Abstract
Purpose :
Glaucoma is a neurodegenerative disease that results in a progressive loss of retinal ganglion cells (RGCs), leading to irreversible blindness. Clinically, visual function in glaucoma is commonly assessed using Standard Automated Perimetry (SAP) within 30° of fixation using a standard white Goldmann size III stimulus. The use of alternative stimulus sizes has been proposed for early detection and monitoring of disease. However, the association between visual thresholds using different stimulus sizes and localized RGC content is unknown. Our study aimed to determine this relationship in the non-human primate experimental glaucoma model.
Methods :
Unilateral experimental glaucoma was induced in 5 rhesus monkeys (Macaca mulatta) who were trained to perform SAP with Goldmann stimulus sizes I through V. Animals were monitored with optical coherence tomography and SAP to varying endpoints, following which they were euthanized and perfusion fixed with 4% paraformaldehyde. Each eye cup was dissected, and 1mm circular retinal punches were obtained from 34 corresponding SAP locations.

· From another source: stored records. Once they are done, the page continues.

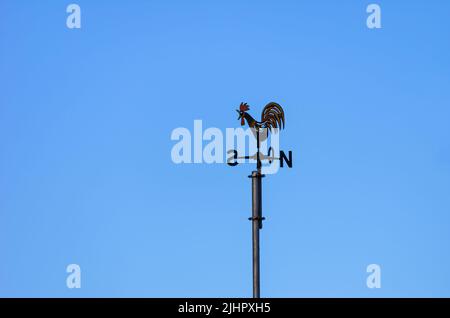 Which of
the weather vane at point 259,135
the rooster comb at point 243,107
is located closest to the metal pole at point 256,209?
the weather vane at point 259,135

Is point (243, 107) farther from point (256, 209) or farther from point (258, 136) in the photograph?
point (256, 209)

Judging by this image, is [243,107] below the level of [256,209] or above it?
above

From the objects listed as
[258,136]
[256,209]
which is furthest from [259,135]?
[256,209]

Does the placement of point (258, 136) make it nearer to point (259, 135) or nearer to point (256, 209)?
point (259, 135)

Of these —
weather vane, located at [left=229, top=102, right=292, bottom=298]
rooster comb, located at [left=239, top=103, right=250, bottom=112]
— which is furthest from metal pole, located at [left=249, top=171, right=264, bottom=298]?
rooster comb, located at [left=239, top=103, right=250, bottom=112]

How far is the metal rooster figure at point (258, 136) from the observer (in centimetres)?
1162

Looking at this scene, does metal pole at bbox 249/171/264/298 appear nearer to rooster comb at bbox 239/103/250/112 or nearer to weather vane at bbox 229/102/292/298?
weather vane at bbox 229/102/292/298

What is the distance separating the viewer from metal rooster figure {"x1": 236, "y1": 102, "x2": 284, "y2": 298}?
11.6m

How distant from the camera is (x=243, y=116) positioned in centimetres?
1238

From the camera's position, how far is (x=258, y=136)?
1242 cm

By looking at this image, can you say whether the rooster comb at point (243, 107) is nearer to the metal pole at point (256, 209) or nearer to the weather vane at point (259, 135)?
the weather vane at point (259, 135) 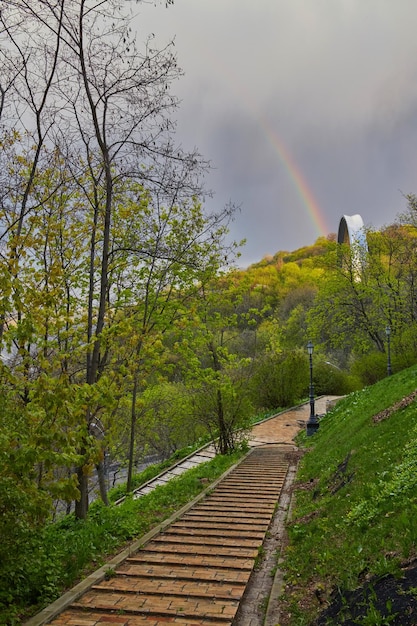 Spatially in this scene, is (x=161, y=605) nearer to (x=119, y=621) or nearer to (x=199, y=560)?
(x=119, y=621)

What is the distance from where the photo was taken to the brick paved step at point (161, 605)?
4.33m

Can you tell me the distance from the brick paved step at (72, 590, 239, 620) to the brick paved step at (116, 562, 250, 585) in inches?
20.5

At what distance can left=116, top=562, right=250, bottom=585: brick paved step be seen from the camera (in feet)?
17.0

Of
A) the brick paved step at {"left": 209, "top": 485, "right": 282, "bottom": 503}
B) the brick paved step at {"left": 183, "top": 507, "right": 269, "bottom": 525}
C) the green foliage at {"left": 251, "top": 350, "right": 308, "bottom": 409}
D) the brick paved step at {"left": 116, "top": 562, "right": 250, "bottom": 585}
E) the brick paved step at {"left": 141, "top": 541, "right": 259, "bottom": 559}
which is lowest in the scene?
the brick paved step at {"left": 209, "top": 485, "right": 282, "bottom": 503}

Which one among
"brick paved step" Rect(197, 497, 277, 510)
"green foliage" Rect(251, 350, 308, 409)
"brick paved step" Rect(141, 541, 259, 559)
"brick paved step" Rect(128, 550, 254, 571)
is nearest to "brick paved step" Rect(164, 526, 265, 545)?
"brick paved step" Rect(141, 541, 259, 559)

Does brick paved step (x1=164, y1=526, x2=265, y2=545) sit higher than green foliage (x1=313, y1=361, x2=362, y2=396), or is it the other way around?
green foliage (x1=313, y1=361, x2=362, y2=396)

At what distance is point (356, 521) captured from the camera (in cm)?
576

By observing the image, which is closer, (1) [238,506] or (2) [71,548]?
Result: (2) [71,548]

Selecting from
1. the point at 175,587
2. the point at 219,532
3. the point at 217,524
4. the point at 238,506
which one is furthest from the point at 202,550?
the point at 238,506

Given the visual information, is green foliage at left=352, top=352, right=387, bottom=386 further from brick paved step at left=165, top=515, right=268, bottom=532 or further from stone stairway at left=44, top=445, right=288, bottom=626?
brick paved step at left=165, top=515, right=268, bottom=532

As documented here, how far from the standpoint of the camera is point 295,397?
34312 mm

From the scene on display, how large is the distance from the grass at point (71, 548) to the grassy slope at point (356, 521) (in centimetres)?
242

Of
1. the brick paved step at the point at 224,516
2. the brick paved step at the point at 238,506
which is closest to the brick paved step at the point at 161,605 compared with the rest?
the brick paved step at the point at 224,516

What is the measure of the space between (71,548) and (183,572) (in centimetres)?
171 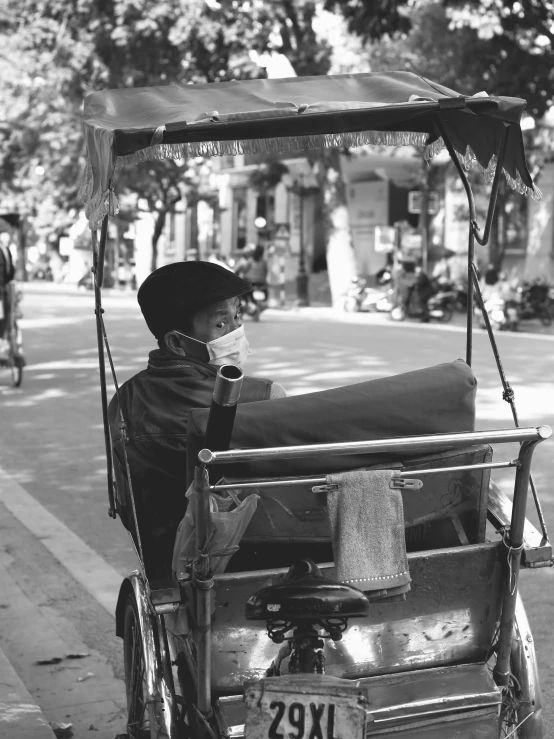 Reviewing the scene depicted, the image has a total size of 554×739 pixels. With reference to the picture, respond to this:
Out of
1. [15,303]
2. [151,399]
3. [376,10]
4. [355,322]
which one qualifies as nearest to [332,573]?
[151,399]

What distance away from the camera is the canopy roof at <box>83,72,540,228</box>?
2959mm

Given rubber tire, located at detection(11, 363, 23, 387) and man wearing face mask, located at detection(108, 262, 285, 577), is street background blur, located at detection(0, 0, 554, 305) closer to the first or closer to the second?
rubber tire, located at detection(11, 363, 23, 387)

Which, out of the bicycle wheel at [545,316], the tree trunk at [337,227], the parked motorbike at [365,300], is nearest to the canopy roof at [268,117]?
the bicycle wheel at [545,316]

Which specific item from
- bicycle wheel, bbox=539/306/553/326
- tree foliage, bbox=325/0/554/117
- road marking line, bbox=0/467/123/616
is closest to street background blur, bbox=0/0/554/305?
tree foliage, bbox=325/0/554/117

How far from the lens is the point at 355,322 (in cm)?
2584

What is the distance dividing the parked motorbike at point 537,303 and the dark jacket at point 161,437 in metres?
22.2

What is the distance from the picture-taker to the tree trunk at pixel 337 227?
29781 mm

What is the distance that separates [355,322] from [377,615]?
75.8ft

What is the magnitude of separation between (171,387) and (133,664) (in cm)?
81

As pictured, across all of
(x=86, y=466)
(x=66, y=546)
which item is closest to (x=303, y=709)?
(x=66, y=546)

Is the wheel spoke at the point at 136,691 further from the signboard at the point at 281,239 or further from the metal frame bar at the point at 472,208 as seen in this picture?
the signboard at the point at 281,239

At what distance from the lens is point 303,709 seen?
2311 millimetres

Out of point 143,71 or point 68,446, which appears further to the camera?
point 143,71

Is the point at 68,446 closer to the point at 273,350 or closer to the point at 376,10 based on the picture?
the point at 273,350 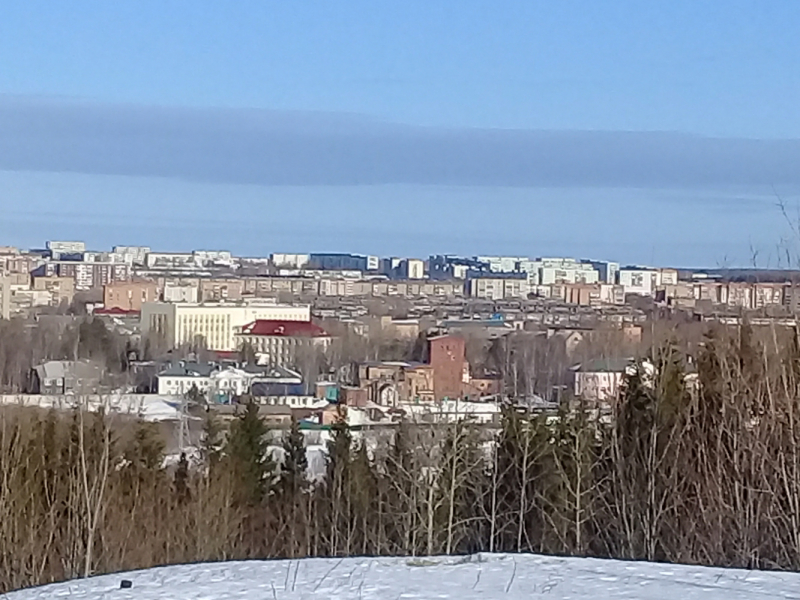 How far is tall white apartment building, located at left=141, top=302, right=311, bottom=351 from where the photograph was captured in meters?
43.4

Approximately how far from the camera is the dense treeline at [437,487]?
45.8 ft

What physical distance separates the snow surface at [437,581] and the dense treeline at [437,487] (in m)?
5.87

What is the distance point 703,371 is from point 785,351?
3.72m

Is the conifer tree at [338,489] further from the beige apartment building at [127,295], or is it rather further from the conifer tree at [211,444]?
the beige apartment building at [127,295]

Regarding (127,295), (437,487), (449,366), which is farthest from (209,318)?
(437,487)

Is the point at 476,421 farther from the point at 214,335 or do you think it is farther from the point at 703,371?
the point at 214,335

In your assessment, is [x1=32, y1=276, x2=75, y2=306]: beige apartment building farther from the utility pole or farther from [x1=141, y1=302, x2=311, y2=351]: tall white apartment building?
the utility pole

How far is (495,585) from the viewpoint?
6727 mm

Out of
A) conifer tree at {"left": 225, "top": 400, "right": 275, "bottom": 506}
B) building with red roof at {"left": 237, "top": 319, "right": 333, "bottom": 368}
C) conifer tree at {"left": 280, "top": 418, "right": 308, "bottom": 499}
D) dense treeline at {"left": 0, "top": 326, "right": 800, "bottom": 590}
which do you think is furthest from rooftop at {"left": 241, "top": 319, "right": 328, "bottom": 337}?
dense treeline at {"left": 0, "top": 326, "right": 800, "bottom": 590}

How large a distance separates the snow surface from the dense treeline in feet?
19.3

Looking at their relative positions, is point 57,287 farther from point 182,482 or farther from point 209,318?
point 182,482

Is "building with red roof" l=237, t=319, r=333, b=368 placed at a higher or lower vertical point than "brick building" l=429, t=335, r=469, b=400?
higher

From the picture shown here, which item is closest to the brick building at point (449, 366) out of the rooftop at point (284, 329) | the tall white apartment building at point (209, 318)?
the rooftop at point (284, 329)

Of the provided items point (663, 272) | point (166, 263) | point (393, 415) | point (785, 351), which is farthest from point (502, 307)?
point (785, 351) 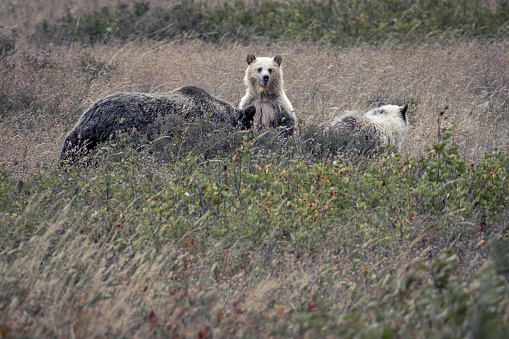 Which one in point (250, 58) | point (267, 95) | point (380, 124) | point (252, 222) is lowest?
point (252, 222)

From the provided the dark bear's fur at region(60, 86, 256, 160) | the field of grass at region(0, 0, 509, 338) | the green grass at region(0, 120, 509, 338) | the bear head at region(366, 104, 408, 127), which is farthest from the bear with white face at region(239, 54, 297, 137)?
the green grass at region(0, 120, 509, 338)

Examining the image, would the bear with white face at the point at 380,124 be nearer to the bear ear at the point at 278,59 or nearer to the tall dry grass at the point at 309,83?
the tall dry grass at the point at 309,83

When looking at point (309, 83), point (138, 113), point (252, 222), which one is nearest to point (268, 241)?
point (252, 222)

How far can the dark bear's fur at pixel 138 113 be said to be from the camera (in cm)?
695

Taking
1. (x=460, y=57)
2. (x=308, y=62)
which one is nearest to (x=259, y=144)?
(x=308, y=62)

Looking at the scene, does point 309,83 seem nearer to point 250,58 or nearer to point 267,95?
point 250,58

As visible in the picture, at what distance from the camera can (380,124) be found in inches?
318

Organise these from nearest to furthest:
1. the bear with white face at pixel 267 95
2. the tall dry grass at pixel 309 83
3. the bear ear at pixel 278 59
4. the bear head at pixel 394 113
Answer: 1. the bear with white face at pixel 267 95
2. the tall dry grass at pixel 309 83
3. the bear head at pixel 394 113
4. the bear ear at pixel 278 59

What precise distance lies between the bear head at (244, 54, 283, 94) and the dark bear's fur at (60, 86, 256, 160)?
2.59 ft

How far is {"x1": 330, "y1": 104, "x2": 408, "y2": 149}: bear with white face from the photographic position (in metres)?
7.80

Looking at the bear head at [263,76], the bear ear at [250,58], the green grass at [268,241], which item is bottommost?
the green grass at [268,241]

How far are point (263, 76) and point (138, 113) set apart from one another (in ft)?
7.16

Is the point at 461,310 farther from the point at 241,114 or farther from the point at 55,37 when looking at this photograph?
the point at 55,37

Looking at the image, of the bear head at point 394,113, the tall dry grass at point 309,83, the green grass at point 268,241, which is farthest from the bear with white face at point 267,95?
the green grass at point 268,241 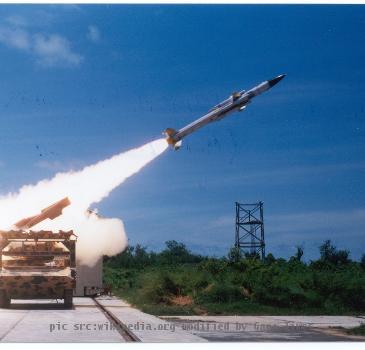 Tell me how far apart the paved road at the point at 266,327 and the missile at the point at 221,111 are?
251 inches

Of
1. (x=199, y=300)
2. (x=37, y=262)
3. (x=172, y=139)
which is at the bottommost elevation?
(x=199, y=300)

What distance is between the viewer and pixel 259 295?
31.5 meters

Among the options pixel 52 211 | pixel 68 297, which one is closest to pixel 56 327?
pixel 68 297

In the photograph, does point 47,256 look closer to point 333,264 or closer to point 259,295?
point 259,295

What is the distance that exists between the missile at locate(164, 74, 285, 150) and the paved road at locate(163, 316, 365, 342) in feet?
20.9

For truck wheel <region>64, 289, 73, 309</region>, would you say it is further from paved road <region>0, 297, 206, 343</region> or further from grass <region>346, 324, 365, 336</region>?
grass <region>346, 324, 365, 336</region>

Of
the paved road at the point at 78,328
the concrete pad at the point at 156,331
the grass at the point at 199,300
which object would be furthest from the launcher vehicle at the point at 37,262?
the concrete pad at the point at 156,331

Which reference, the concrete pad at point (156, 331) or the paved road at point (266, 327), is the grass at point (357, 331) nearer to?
the paved road at point (266, 327)

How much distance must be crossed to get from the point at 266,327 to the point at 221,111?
28.1ft

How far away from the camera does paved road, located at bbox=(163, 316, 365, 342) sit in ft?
61.8

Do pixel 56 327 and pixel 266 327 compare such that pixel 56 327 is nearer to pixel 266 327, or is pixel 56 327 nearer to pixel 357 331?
pixel 266 327

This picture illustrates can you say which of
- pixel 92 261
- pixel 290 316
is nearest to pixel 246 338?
pixel 290 316

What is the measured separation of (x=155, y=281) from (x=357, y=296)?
868 centimetres

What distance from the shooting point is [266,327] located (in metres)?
22.0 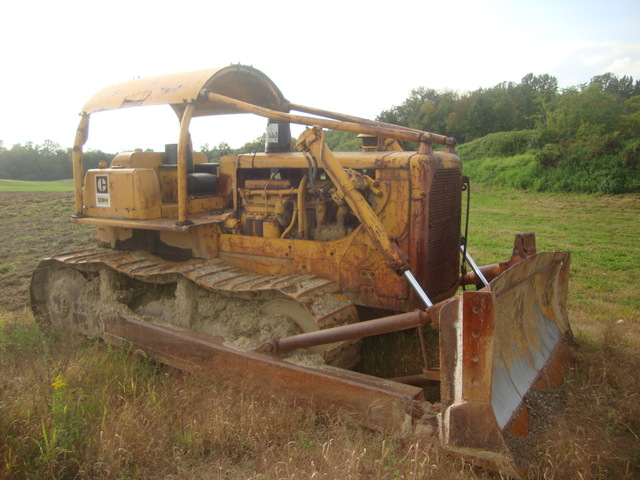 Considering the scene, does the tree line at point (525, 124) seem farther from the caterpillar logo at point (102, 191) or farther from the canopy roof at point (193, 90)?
the caterpillar logo at point (102, 191)

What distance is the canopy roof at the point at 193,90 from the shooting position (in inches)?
196

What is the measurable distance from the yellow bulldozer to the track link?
0.06ft

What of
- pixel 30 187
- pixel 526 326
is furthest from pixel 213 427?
pixel 30 187

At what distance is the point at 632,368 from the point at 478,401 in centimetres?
227

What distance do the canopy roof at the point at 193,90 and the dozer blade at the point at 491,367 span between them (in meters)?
3.12

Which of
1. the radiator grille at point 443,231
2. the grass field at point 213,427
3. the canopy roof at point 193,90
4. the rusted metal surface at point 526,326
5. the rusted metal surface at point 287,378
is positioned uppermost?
the canopy roof at point 193,90

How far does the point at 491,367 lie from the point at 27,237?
40.7ft

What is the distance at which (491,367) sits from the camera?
114 inches

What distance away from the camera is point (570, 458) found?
10.1 feet

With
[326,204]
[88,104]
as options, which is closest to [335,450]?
[326,204]

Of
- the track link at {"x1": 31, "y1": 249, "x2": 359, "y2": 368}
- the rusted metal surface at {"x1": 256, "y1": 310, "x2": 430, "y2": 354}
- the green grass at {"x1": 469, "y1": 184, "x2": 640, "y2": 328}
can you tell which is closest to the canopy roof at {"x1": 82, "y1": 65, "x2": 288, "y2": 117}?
the track link at {"x1": 31, "y1": 249, "x2": 359, "y2": 368}

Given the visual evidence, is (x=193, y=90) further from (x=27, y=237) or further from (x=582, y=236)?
(x=582, y=236)

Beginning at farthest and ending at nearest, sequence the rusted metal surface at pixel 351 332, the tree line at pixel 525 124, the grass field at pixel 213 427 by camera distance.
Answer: the tree line at pixel 525 124 < the rusted metal surface at pixel 351 332 < the grass field at pixel 213 427

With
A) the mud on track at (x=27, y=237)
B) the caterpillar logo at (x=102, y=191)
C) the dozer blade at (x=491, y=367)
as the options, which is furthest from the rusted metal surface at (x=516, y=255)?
the mud on track at (x=27, y=237) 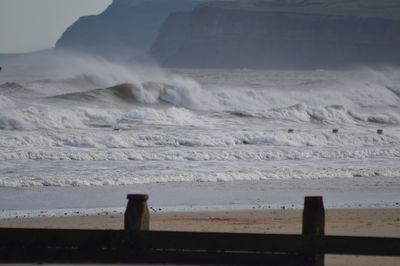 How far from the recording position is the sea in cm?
1454

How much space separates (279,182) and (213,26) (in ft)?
465

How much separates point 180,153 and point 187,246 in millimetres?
13515

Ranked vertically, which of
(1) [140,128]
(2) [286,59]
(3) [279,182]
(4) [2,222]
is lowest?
(4) [2,222]

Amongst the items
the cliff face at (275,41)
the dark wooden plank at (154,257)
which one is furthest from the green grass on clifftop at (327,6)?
the dark wooden plank at (154,257)

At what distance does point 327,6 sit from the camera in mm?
163125

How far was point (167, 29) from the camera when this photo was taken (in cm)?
16362

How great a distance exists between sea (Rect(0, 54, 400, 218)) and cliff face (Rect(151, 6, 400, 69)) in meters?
→ 105

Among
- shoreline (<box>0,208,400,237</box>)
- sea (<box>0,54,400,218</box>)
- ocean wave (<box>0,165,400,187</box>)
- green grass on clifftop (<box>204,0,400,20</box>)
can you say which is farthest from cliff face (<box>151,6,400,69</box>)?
shoreline (<box>0,208,400,237</box>)

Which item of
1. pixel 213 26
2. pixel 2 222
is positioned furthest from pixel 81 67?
pixel 213 26

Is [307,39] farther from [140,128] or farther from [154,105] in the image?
[140,128]

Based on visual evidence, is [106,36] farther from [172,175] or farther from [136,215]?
[136,215]

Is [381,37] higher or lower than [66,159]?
higher

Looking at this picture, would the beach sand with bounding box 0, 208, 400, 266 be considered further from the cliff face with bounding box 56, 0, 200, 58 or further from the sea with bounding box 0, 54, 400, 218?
the cliff face with bounding box 56, 0, 200, 58

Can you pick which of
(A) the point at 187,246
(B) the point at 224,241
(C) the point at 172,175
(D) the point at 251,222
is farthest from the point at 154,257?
(C) the point at 172,175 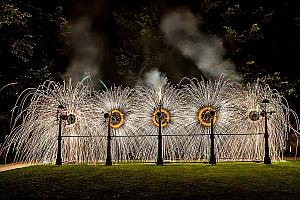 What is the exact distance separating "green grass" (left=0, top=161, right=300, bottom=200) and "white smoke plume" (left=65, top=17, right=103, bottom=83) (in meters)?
21.8

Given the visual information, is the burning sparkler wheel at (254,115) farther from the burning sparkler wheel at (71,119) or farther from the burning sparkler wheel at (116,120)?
the burning sparkler wheel at (71,119)

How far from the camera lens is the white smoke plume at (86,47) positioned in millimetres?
34375

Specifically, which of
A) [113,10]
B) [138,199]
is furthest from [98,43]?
[138,199]

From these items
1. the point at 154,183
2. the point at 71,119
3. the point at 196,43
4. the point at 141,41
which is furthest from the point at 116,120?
the point at 141,41

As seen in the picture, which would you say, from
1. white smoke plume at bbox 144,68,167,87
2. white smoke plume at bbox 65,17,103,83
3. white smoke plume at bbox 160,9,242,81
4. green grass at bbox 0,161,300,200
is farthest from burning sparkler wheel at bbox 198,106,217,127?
white smoke plume at bbox 65,17,103,83

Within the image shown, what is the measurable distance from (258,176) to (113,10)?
26.0 metres

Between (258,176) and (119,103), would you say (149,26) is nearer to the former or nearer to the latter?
(119,103)

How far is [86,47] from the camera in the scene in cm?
3544

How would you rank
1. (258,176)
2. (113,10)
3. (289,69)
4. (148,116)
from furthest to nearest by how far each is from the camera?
1. (113,10)
2. (289,69)
3. (148,116)
4. (258,176)

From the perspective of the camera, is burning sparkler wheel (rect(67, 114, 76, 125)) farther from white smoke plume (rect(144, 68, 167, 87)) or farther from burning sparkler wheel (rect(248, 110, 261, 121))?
white smoke plume (rect(144, 68, 167, 87))

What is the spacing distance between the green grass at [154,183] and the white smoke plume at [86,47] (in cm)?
2181

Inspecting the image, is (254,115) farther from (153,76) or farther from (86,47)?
(86,47)

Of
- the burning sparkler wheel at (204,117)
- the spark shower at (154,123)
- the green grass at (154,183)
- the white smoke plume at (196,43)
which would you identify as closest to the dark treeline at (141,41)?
the white smoke plume at (196,43)

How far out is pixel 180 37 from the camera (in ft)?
107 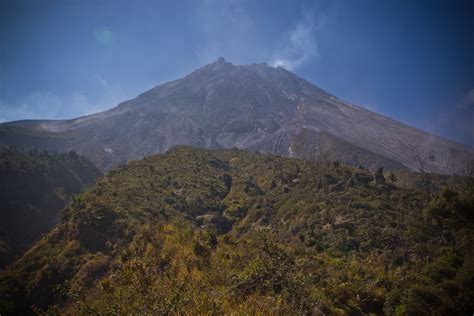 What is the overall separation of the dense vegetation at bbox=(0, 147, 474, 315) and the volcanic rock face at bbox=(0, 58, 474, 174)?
5420 centimetres

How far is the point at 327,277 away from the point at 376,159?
298ft

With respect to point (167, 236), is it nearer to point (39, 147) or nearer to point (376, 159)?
point (376, 159)

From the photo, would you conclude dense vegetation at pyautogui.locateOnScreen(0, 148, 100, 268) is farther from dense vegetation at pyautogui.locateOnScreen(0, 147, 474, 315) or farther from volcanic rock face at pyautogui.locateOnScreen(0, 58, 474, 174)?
volcanic rock face at pyautogui.locateOnScreen(0, 58, 474, 174)

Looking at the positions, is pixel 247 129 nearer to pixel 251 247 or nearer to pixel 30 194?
pixel 30 194

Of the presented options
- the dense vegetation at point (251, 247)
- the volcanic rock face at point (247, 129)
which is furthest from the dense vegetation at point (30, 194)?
the volcanic rock face at point (247, 129)

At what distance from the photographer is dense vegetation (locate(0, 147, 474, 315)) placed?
7.48m

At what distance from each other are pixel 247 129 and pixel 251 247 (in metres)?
118

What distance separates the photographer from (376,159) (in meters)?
91.1

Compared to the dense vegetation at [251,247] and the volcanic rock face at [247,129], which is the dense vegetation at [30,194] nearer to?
the dense vegetation at [251,247]

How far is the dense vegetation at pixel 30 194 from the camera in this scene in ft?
149

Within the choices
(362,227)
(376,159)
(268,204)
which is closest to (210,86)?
(376,159)

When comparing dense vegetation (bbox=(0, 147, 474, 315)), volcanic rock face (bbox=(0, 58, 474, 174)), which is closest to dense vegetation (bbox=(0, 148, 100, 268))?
dense vegetation (bbox=(0, 147, 474, 315))

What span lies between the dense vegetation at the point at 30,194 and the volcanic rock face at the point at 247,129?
113ft

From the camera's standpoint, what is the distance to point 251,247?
1207 cm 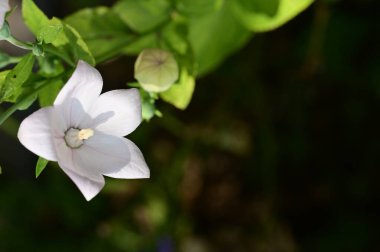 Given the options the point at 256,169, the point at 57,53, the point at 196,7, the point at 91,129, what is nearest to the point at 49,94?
the point at 57,53

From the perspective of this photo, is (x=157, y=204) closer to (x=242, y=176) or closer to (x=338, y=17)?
(x=242, y=176)

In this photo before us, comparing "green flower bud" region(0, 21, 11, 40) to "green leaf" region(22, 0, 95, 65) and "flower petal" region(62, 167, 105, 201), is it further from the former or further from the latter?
"flower petal" region(62, 167, 105, 201)

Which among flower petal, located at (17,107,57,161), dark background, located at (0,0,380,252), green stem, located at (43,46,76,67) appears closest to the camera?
flower petal, located at (17,107,57,161)

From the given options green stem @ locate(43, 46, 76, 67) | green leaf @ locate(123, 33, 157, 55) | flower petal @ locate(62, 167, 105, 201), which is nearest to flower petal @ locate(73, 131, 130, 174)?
flower petal @ locate(62, 167, 105, 201)

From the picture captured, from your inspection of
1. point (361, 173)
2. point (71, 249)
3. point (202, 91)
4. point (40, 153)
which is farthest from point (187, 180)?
point (40, 153)

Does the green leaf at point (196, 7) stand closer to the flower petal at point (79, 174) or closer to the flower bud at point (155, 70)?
the flower bud at point (155, 70)

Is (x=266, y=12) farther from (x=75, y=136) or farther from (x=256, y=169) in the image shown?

RGCs were immunolabeled with an antibody against an RNA-binding protein (RBPMS) marker, and imaged using confocal microscopy. RGC counts were estimated for each sampled location based on stimulus size and related to the corresponding endpoint differential light sensitivity (DLS).
Results :
At endpoint, circumpapillary nerve fiber layer thickness in experimental glaucoma eyes ranged from 43 to 74µm. The peak RGC density for control eyes was 18,698 ± 7620 cells/mm2 at an eccentricity of 4.2°, tapering to 2345 ± 1617 cells/mm2 at 27.2°. A segmental two-line fit was the best model that described the relationship between log DLS and log RGC counts (R2 = 0.74, AICc = - 2844, P =0.99).
Conclusions :
In non-human primates, SAP visual thresholds are related to the underlying RGCs. The relationship follows that predicted by spatial summation, and suggests that stimulus parameters for quantifying vision should be based on the stage of disease.
This abstract was presented at the 2023 ARVO Annual Meeting, held in New Orleans, LA, April 23-27, 2023.